I'd like to purchase a 2.5" stainless steel exhaust installed with QTP 2.5" cutouts (key fob operation) and have my mechanic install it for me. If this is installable by someone with limited skills (oil change, etc) then I might look at doing it myself with clamps. 

If I buy an exhaust kit from Summit Racing will it fit up to my manifold? Also as I mentioned the manifold is 2 1/4 and the exhaust system would be 2 1/2 so I hope there is some sort of adapter.

Can someone suggest or post some links of exhaust systems which would work? It doesn't have to be from Summit but I'm on the East coast and that makes shipping easier.

Thanks.


----------



## GTO JUDGE (May 14, 2005)

VA67GTO said:


> I have a 67 GTO with a Pontiac 455 installed. My mechanic says the engine has a 2 1/4" manifold and the exhaust is currently 2".
> 
> I'd like to purchase a 2.5" stainless steel exhaust installed with QTP 2.5" cutouts (key fob operation) and have my mechanic install it for me. If this is installable by someone with limited skills (oil change, etc) then I might look at doing it myself with clamps.
> 
> ...


You're gonna get many opinions on preferences. I have a stainless Pypes system, 3" pro street. It bolts right up like its made for GTO. I have had many over the years even at traffic lights come up to me and ask what I have in there. When the secondaries open up it really roars. 

The sound really accentuates my Ram Air IV cam. 

Its all in what sound you are after........
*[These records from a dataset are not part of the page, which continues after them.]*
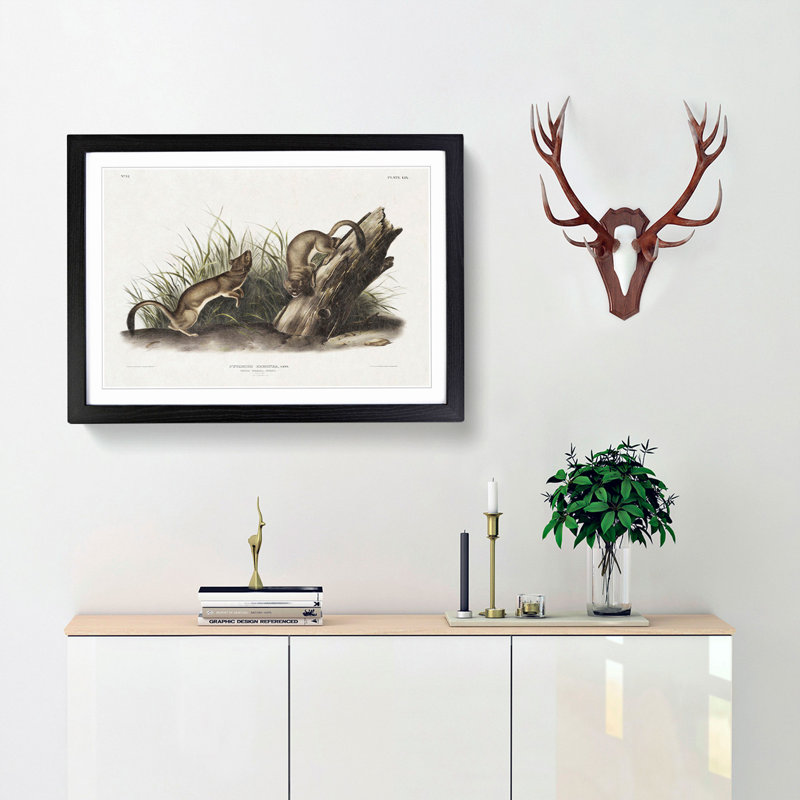 White Weasels by J.W. Audubon - Framed Print, Black Framed, 48cm H x 65cm W x 2cm D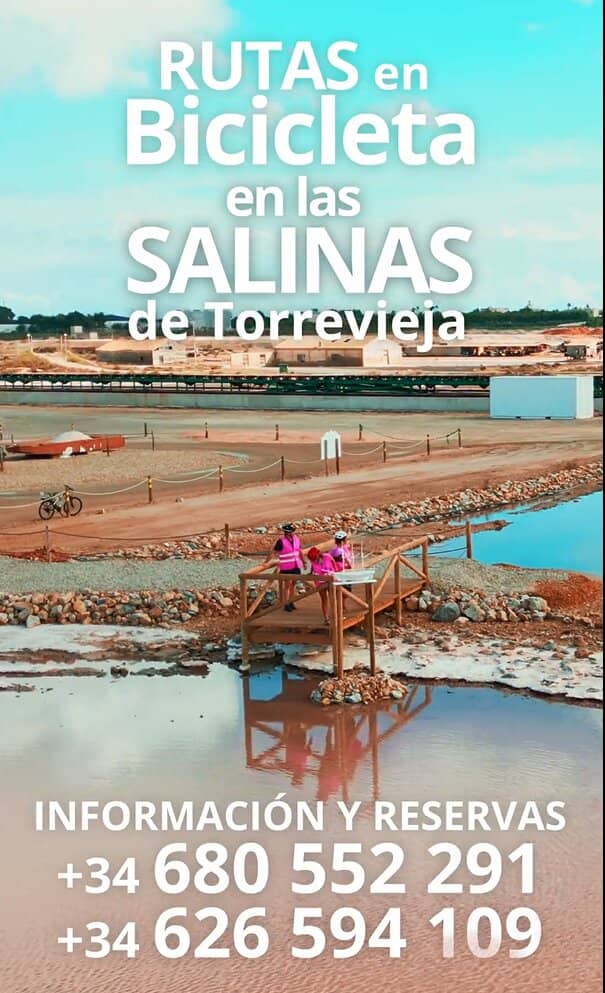 Scenic Walking Trails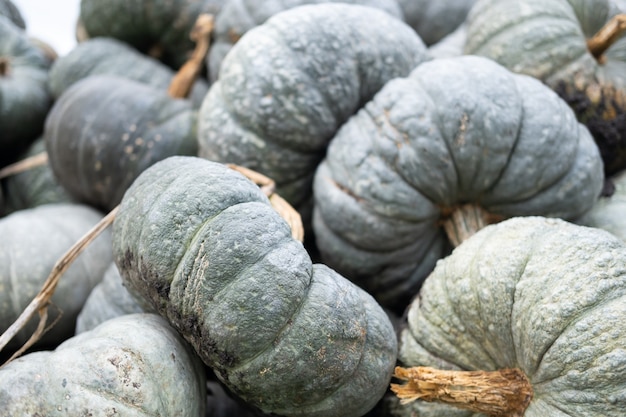 Raccolto di zucche organiche fresche all'aperto.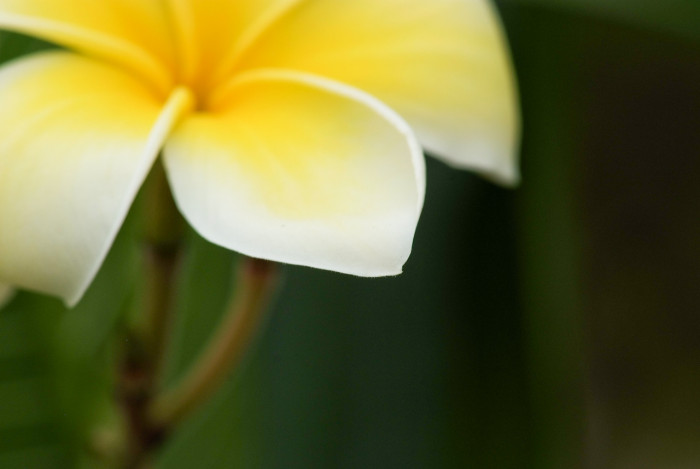 러브하와이 - Flumeria, Plumeria Alba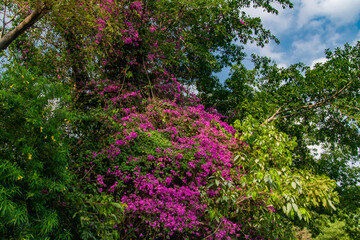 pink flowers in the garden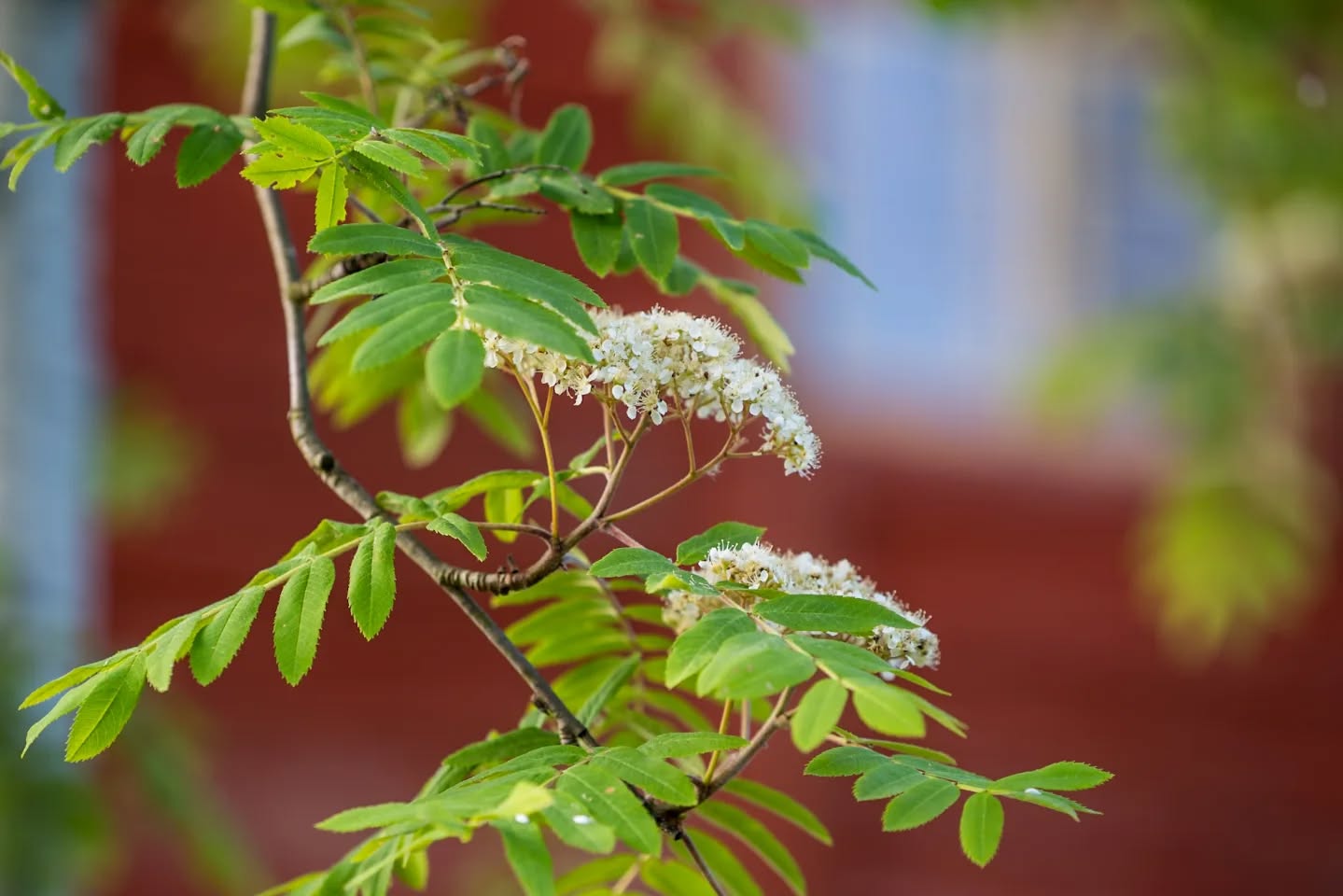 Rowan flowers. Råås, Östergötland.
#innature
#innaturephotos
#rowan
#rönn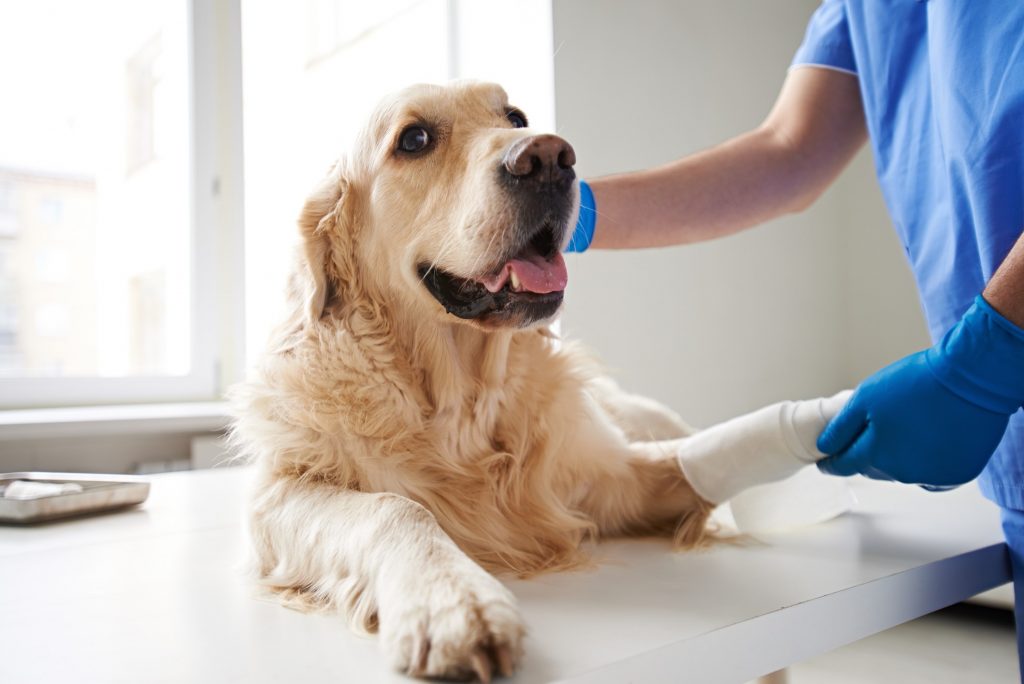 Home Veterinary Services Near Me | PetWow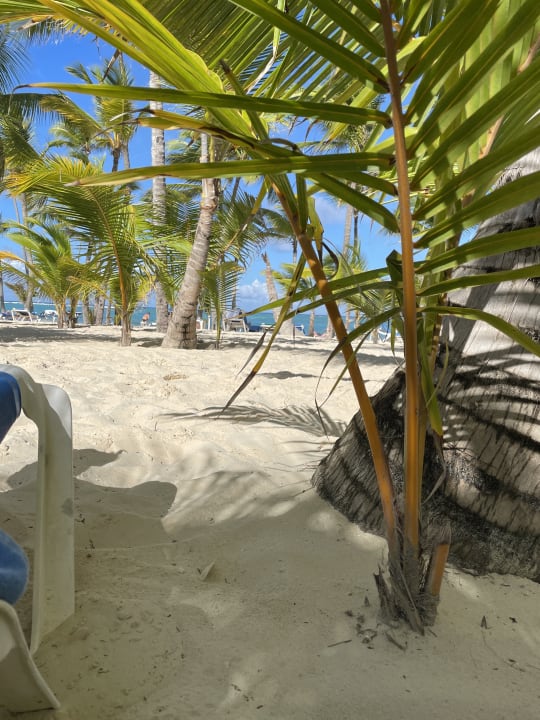 Ausblick Hotel Riu Palace Punta Cana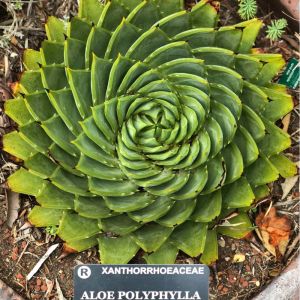 Buy Cactus and/or Succulents Plants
https://www.youtube.com/watch?v=RSr7IJFETwo&feature=youtu.be


----------



## ALKYGTO (Mar 29, 2010)

OP, with stock manifolds the bend coming out of the manifold is very important. Most systems neck down here because they are not mandrel bent which causes a flow restriction. If the pipe is only 2" (or less) at that point it wouldn't matter if the rest of the system is 3" or whatever because it is necked down at that point. The Pypes downpipes are mandrel bent and they have been dyno tested to show gains in that area alone so I would definitely run their setup if I was running manifolds. After that I would say a 2 1/2" mandrel bent exhaust setup and you would be golden.


----------